Activity:
In your copy, reproduce the entries exactly as they are, minus the images.

--- Source records ---

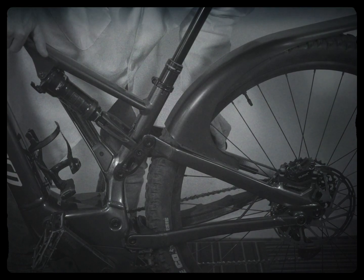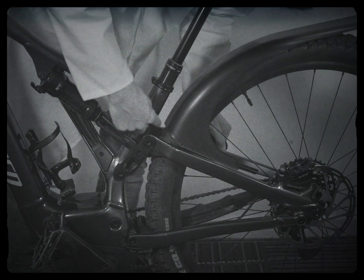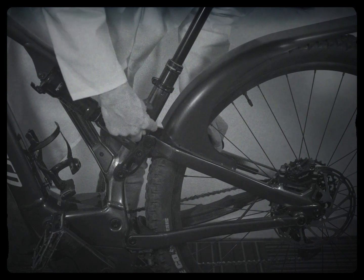On full suspension bikes before fitting, check you have enough clearance at full compression by removing the air from the rear shock.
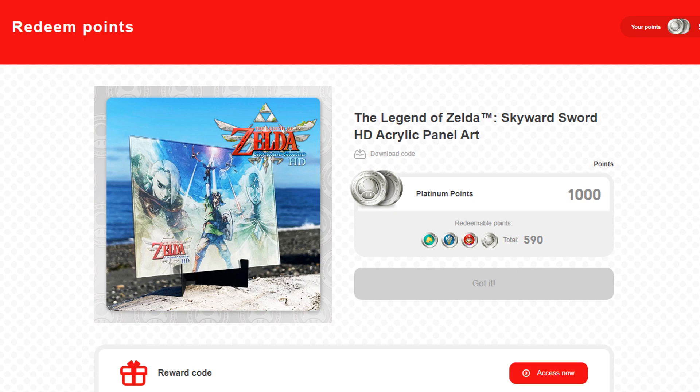Here's a quick look at the product on the My Nintendo website. As you can see, it costs a thousand Platinum Points, which is the most I've ever used on an item. And while the item shows as free when you redeem your points, the shipping is $7, so you will still have to spend some money to acquire it. Now let's unbox it and take a closer look.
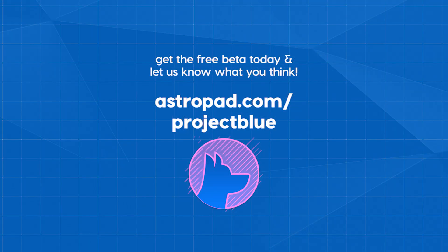We don't have all of them there yet, but we're working on it and we want to get your feedback on how it looks and feels to you. Eventually it's going to become part of AstroPad Studio. So if you're ready to check it out, head over to astropad.com/projectblue and download it for free. Give it a try — we'd love to see what you think. Thank you.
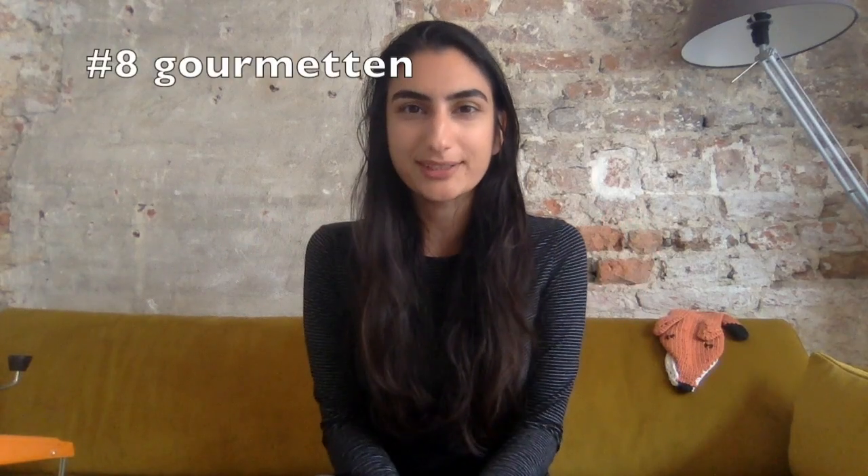Number eight is gourmet set — gourmetten. This is a typical Dutch thing and last Christmas I was acquainted with it. What it is is a hot surface — basically an indoor barbecuing, grilling type kit that people bring out on special occasions like Christmas. Everyone sits around the table and grills little vegetables or some meat. It's a nice activity where you grill your food together and eat it together. This reminds me of cheese fondue, where you get together and dip your bread in melting cheese — it's kind of an activity along with your food. I can totally see how this is part of the 'we want to do stuff with our food' and it's a nice together activity as opposed to just eating it.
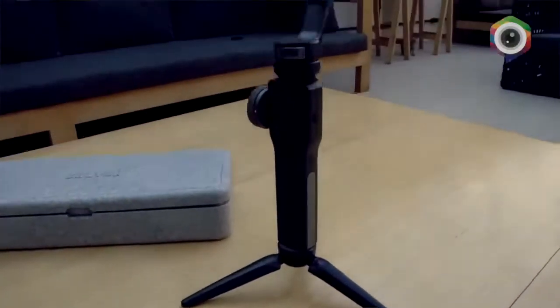A gente começa estabilizando o equipamento, mas ele está desligado. A maneira da gente saber se está tudo certo é olhando se ele não tomba para nenhum lado. Então nesse caso, para esse celular, para esse tamanho de celular, está ok, está bem equilibrado.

---

Finished exercise:
On full suspension bikes before fitting, check you have enough clearance at full compression by removing the air from the rear shock.
Here's a quick look at the product on the My Nintendo website. As you can see, it costs a thousand Platinum Points, which is the most I've ever used on an item. And while the item shows as free when you redeem your points, the shipping is $7, so you will still have to spend some money to acquire it. Now let's unbox it and take a closer look.
We don't have all of them there yet, but we're working on it and we want to get your feedback on how it looks and feels to you. Eventually it's going to become part of AstroPad Studio. So if you're ready to check it out, head over to astropad.com/projectblue and download it for free. Give it a try — we'd love to see what you think. Thank you.
Number eight is gourmet set — gourmetten. This is a typical Dutch thing and last Christmas I was acquainted with it. What it is is a hot surface — basically an indoor barbecuing, grilling type kit that people bring out on special occasions like Christmas. Everyone sits around the table and grills little vegetables or some meat. It's a nice activity where you grill your food together and eat it together. This reminds me of cheese fondue, where you get together and dip your bread in melting cheese — it's kind of an activity along with your food. I can totally see how this is part of the 'we want to do stuff with our food' and it's a nice together activity as opposed to just eating it.
A gente começa estabilizando o equipamento, mas ele está desligado. A maneira da gente saber se está tudo certo é olhando se ele não tomba para nenhum lado. Então nesse caso, para esse celular, para esse tamanho de celular, está ok, está bem equilibrado.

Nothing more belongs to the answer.